■ **What to work on**
Exact reproduction is required for the lines below starting at the line with "James Luehr of" and ending at the line with "Mother with arm", both included. No other lines, and no pictures.

══ Exercise data

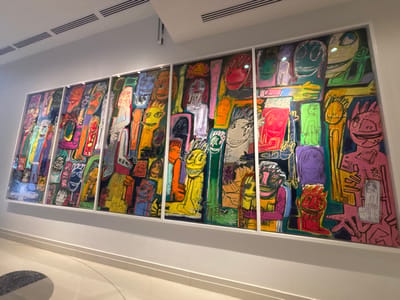 A large, multi-panel artwork is displayed prominently on a white wall within an indoor public space in Winchester, United States of America. The artwork is composed of at least seven vertical panels, each encased in a white frame, collectively featuring numerous highly stylized, brightly colored humanoid figures and faces. These figures are outlined in black and occupy the entirety of the canvas space, set against a dark background. The surrounding environment includes plain white walls, a white ceiling with multiple linear air vents, and a polished, light-colored floor exhibiting a partial dark circular geometric motif. The scene is brightly illuminated, with reflections visible on the artwork's surface. No individuals are present within the captured scene.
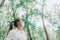 Woman hiking in forest nature wearing face mask while walking outdoors, looking up at trees in hope. Clean air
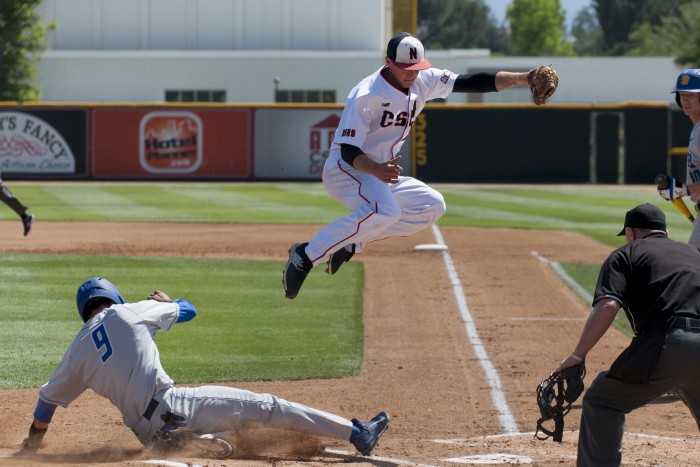 CSUN junior starting pitcher Calvin Copping, leaps over Gauchos senior second baseman Woody Woodward in an attempt to stop the first inning onslaught. (Photo credit: BHEphotos)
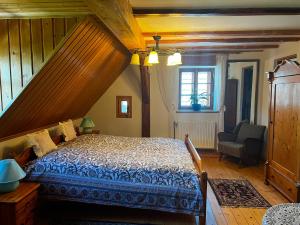 a bedroom with a bed and a chair in a room at Skansen Gottwaldówka in Kąty Bystrzyckie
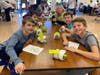 Simmons Elementary School third grade students with their sock rolls. 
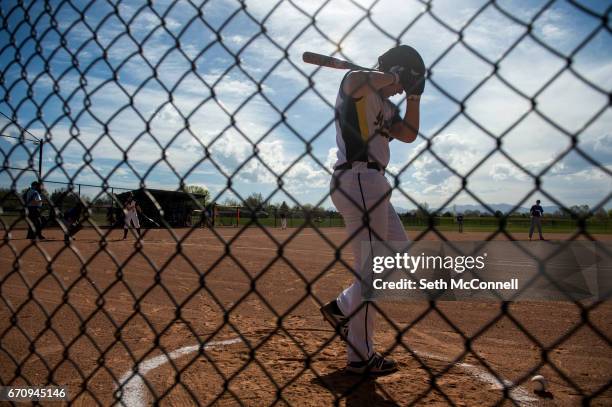 James Luehr of Prospect Ridge Academy warms up in the on deck circle during a game against SkyView Academy at Northwest Open Space on April 18 in...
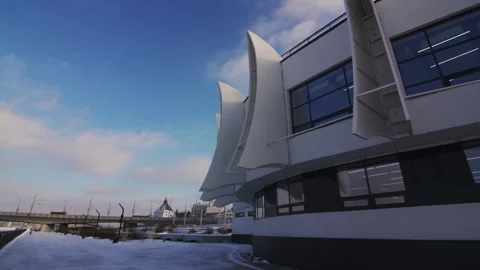 Sun casts glow on rooftop of building while shadows form on wall Video stock 290519295
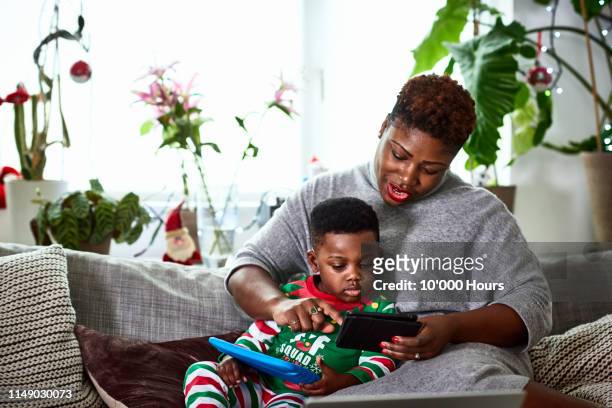 Mother with arm around son using digital tablet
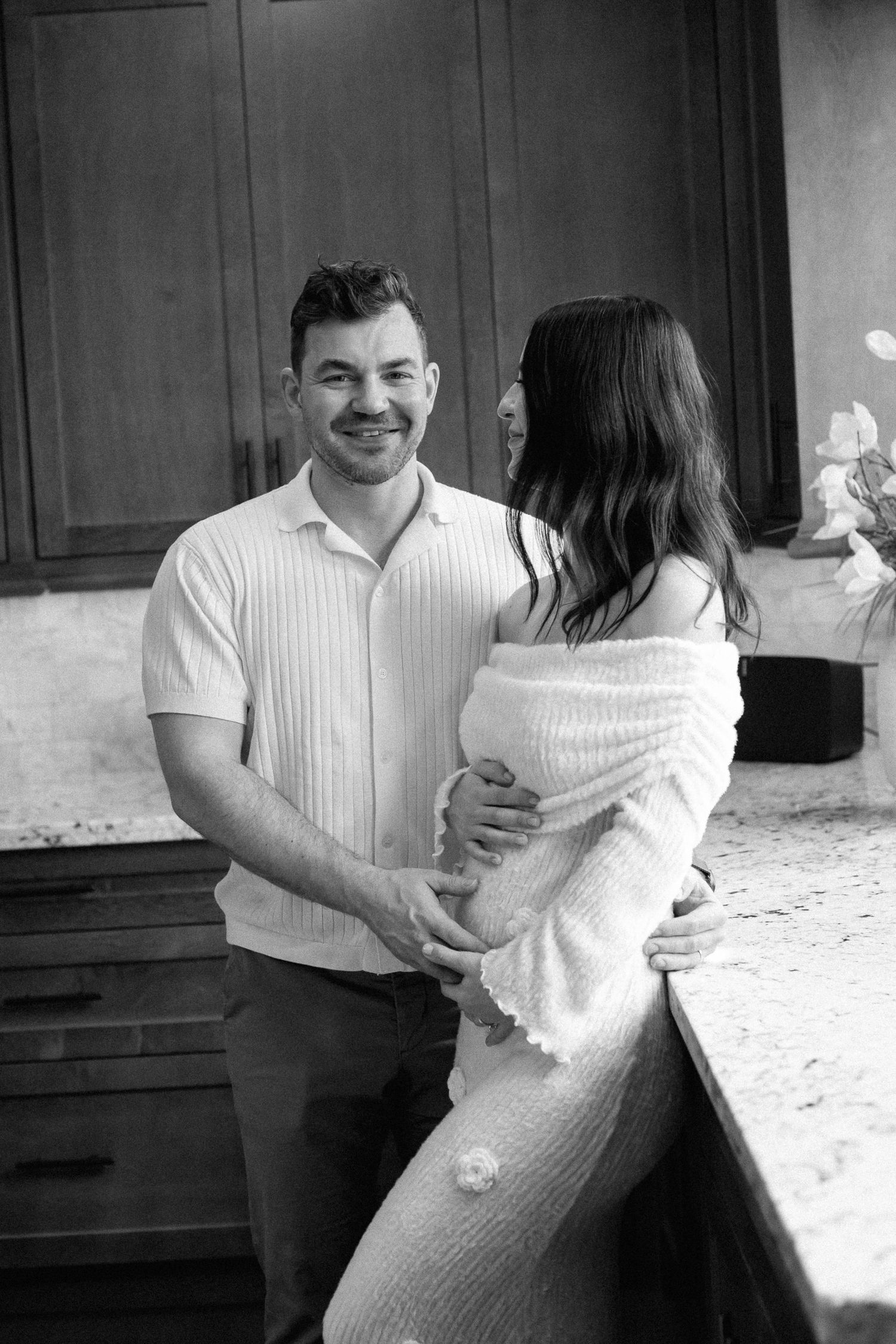 Black and white photo of a smiling man holding a pregnant woman's belly in a kitchen setting.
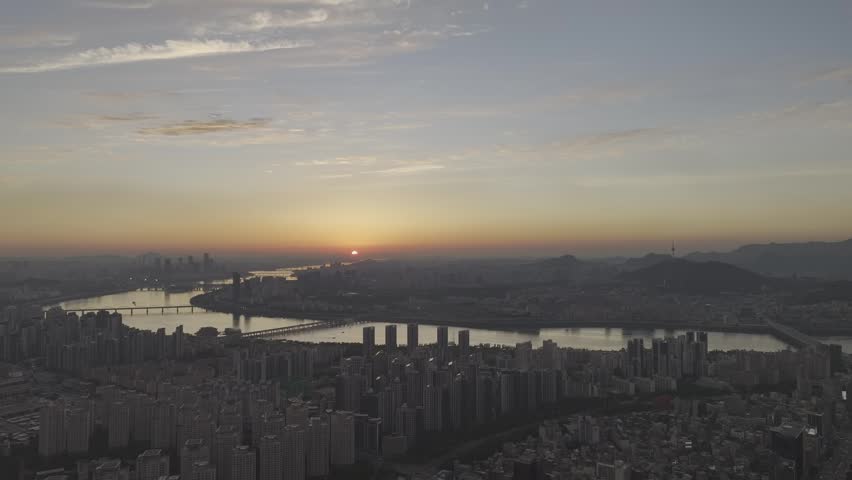 Aerial view of Sinnonhyeon Station and Han River landscape at sunset in Seoul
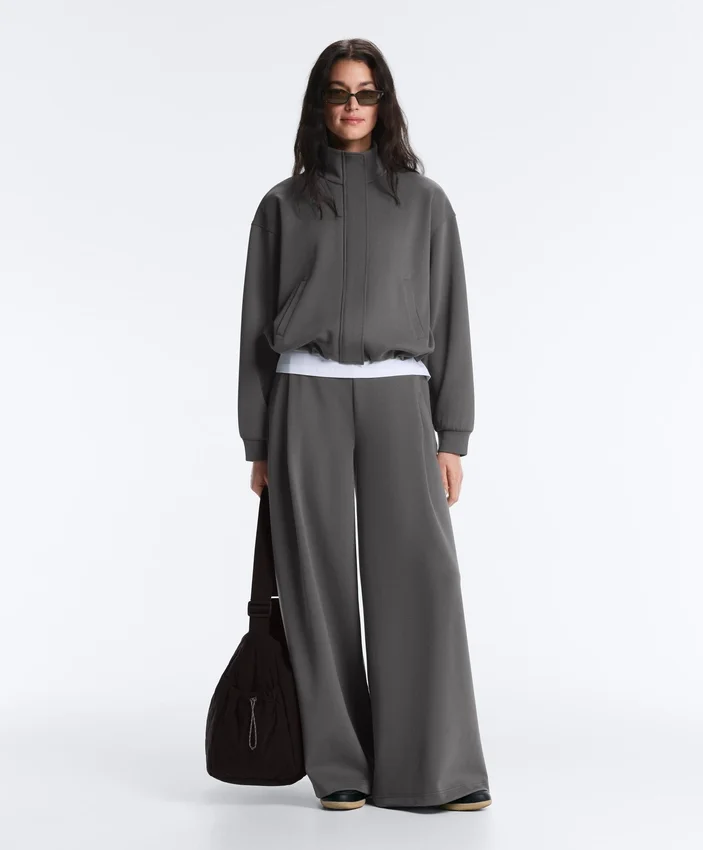 Pantaloni a vita alta e gamba larga in cotone piqué Pantaloni a vita alta e gamba larga in cotone piqué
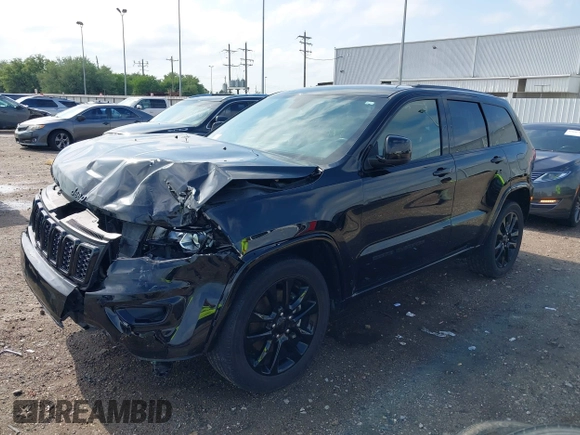 2021 Jeep Grand Cherokee Laredo E with VIN 1C4RJEAG0MC571375, listed as a IAAI auction lot 42087648 with 29,358 mi miles and . Bid and sale history available at DreamBid. Image 18.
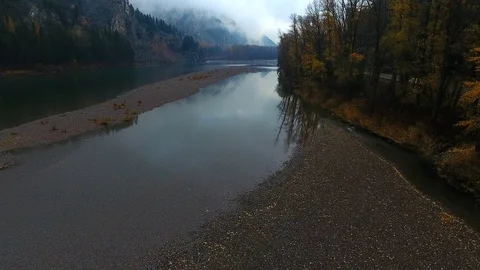 Aerial drone scenic Montana river with tree reflection mountains, trees,  Stock Footage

════

■ **Response to this exercise**
 James Luehr of Prospect Ridge Academy warms up in the on deck circle during a game against SkyView Academy at Northwest Open Space on April 18 in...
 Sun casts glow on rooftop of building while shadows form on wall Video stock 290519295
 Mother with arm around son using digital tablet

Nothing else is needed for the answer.